Remember AlphaGo, the AI that wiped the floor with pro Go players before it retired back in 2017? It’s arguably one of the more impressive forms of AI that paved the way for more research in the field. There have been a fair number of other AI made to play GO since, but recently, it looks like humans are finally getting leg up once again. The only problem is that this turning of the metaphorical tables is thanks to yet another AI.

The Financial Times reports that American amateur Go player Kellin Pelrine has managed to defeat two Go-playing AI. One is known as KataGo, while the other goes by the name of Leela Zero.
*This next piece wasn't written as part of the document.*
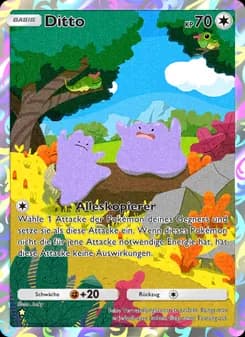 Ditto card in German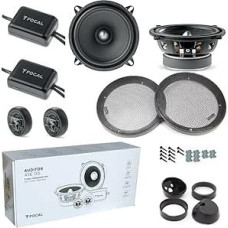 Kit Set for Focal Auditor ASE-130 ASE130 1 2-Way Kit 5 Inches 13 cm 50 Watt RMS 100 Watt Max with 2 Woofers 2 Tweeters 2 Crossover Crossover Car 4 Ohm SPL Pair + Free Grille and Accessories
For the match against the former, it’s quite the convincing victory too, at 14 wins out of 15 games.

Go table
Source: Goban1 / Wikimedia Commons.

Though as mentioned, the strategy used by Pelrine was one that was discovered by FAR AI. And it’s one that Pelrine describes as “not completely trivial but it’s not super-difficult”. The strategy itself involves stringing together a large loop of stones to encircle the enemy’s groups, while also distracting the AI with moves in other areas of the board. It’s something that a human player could spot quite easily, but it’s inexplicably a blind spot for Go-playing AIs.

As for FAR AI and its discovery of this weakness, this is done by playing a million games against KataGo. Just as AIs learn to play Go by playing and analysing countless of games to “learn” what works and what doesn’t, FAR AI does the same to discover said blind spots.

Go table
Source: Chad Miller / Flickr.

This shows that AI systems, despite their impressive potential, are still limited by their training, and are not capable of “thinking” as we do just yet. But at the same time, this shows that, at least in games of Go, having two AIs working together can help cover for each other’s weaknesses. For what it’s worth, KataGo developer Lightvector is already working to plug this hole in its AI’s gameplay. It’s also one that’s apparently been exploited for several months.